→ **Description of the task**
Print the lines that run from the line with "2021 Ford Super Duty F-450 DRW Base" to the line with "Hyundai Casper Inspiration", keeping both end lines, exactly as they appear in the entries below, and nothing else.

##### Records for processing

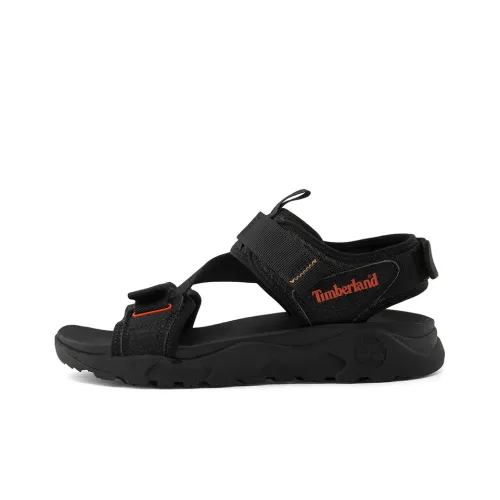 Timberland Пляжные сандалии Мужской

##########
##### Records for processing

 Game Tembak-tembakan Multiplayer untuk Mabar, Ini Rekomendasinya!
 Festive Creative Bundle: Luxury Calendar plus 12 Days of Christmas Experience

##########
##### Records for processing

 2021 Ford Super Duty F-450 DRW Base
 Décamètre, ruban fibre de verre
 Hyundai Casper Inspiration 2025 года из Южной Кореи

##########

→ **Exercise output**
 2021 Ford Super Duty F-450 DRW Base
 Décamètre, ruban fibre de verre
 Hyundai Casper Inspiration 2025 года из Южной Кореи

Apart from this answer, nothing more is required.